I hope nobody minds me writing about a morbid topic this week. As usual I've been scavenging the internet for interesting things. This week I found a bunch of coroner’s reports from the 1800s, which made my mind whirl with mystery plots. (I’ve also been doing some reading about herbs—good and bad.) So. . .I thought I’d share three of the coroner’s reports, along with some made up story plots (in italics) that would make good cozy mysteries. I’ve changed the names to protect the innocent—just in case one of the deceased’s distant relatives happens upon our blog.

6/14/1872 – George Bauer died a natural death, a heart attack. His wife Maggie was a saloon keeper -

Fictional version: Was it a natural death or did it just appear that way? Close friends suspected the latter, as did the coroner, but nothing could be proved. Besides, everyone felt sorry for poor Maggie, and those who turned out for George’s burial services only came to support her. Seems George was an overbearing bully whose drinking was out of hand. Maggie was the brunt of nightly invectives in front of her customers. One evening she’d had enough and added a bit of foxglove to Mr. Bauer’s evening meal.

9/1/1873 -- Bellows (no first name given) was found dead in bed. Died naturally. Cousin of Mrs Sarah A North. He lived with her.

Fictional version: Wealthy Sarah North had just buried her husband when Mr. Bellows showed up. He told people he was her cousin, but that was a lie. He was, in fact, an old crony of Sarah's deceased husband. Mr. Bellows had seen a picture of Sarah’s husband in the paper, and he’d come to town to blackmail her. Seems that Sarah’s dead husband had had left his past behind, and not in a good way. He’d left behind a wife, a couple of kids, and a jail sentence. Mr. Bellows was a lazy cuss, looking for easy living. He tried to frighten Sarah by threatening to expose her dead husband. He’d ruin her reputation since she’d never been legally married, and worse, her dead husband’s family would come and take all her money. Yes, Mr. Bellows thought he’d found a way to live out his life comfort. Unfortunately, he didn’t count on the fact that Mrs. North’s was totally aware of her dead husband's sins and she had quite a knowledge of herbs. She fixed him a particularly delicious dinner and plied him with liquor, then sent him to bed. The coroner never suspected that Mr. Bellow died from a dose of hemlock.

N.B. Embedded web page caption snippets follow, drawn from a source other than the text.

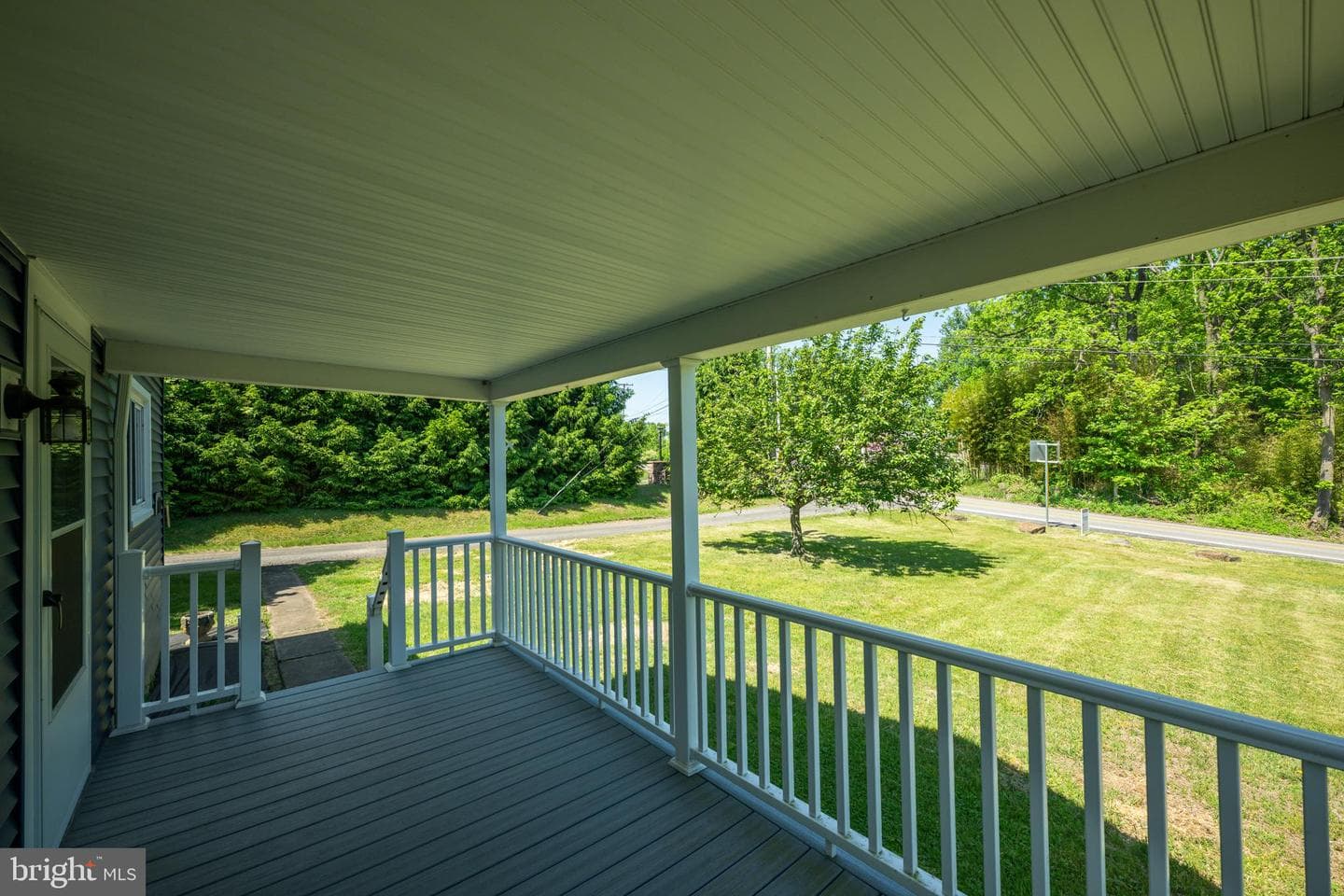 1418 Bridgeton Hill Road, Upper Black Eddy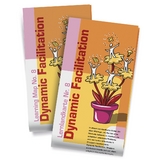 Lernlandkarte Nr. 8 - Dynamic Facilitation - Roswitha Vesper, Holger Scholz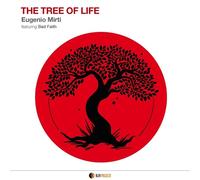 Various - The Tree Of Life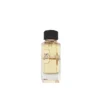 PERFUME FRENCH AVENUE IGHWA EDP UNISEX 3.4 OZ / 100 ML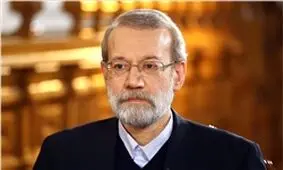 آیت‌‌الله حائری‌شیرازی در اخلاق و معارف اسلامی صاحب‌‌نظر بود
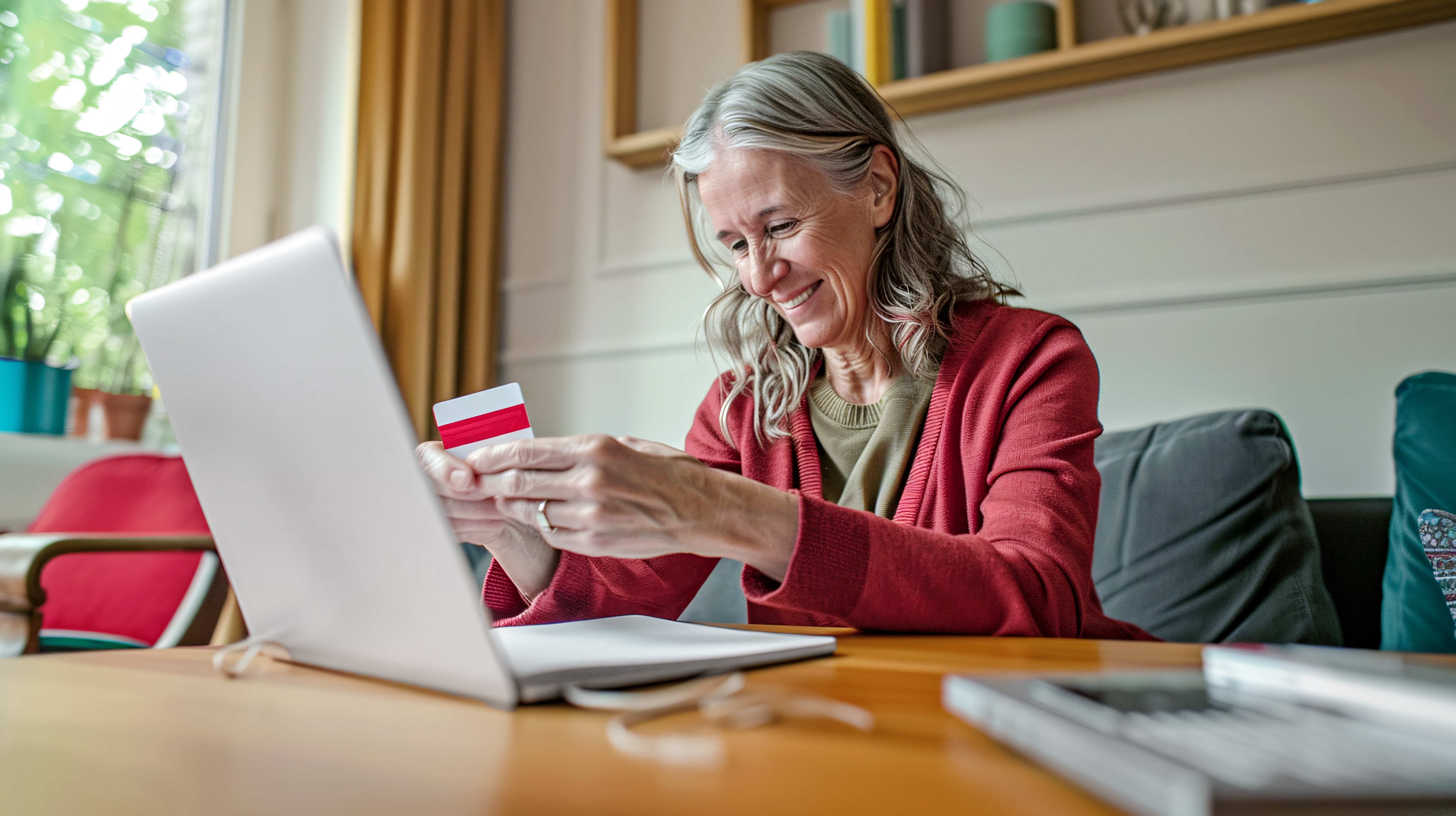 elderly-woman-shopping-customer-day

11/22/1850 -- Lizzie Benedict, wife of Frederick, was found dead on floor of their house, cause convulsions.

Fictional Version: Ah, poor Lizzie. All that family money, and she didn’t live to enjoy it. Sadder still, she’d only been married to charming and affable Fred Benedict for a few months. Everyone had been amazed that she married at all. Lizzie was a plain girl. Okay, she was downright ugly. She also suffered poor health, including occasional seizures. But folks said love was blind and Fred fell hard. After they married, Lizzie had so much to live for. Unfortunately, so did Fred. Good old Fred, with a girlfriend in the next state--Miss Penelope Carlton. She was a blonde beauty, ten years his junior. He wanted her in a bad way, but without money, her father wouldn’t approve. Industrious Freddie found a way to get that money. He did his homework in more ways than one. Lizzie was the perfect choice. He figured belladonna would cause her to seizure and die. He was right.  

1 comment :

  1. LOLOL! Love it, Candice. You HAVE to follow up with a proposal on one of these. Very creative!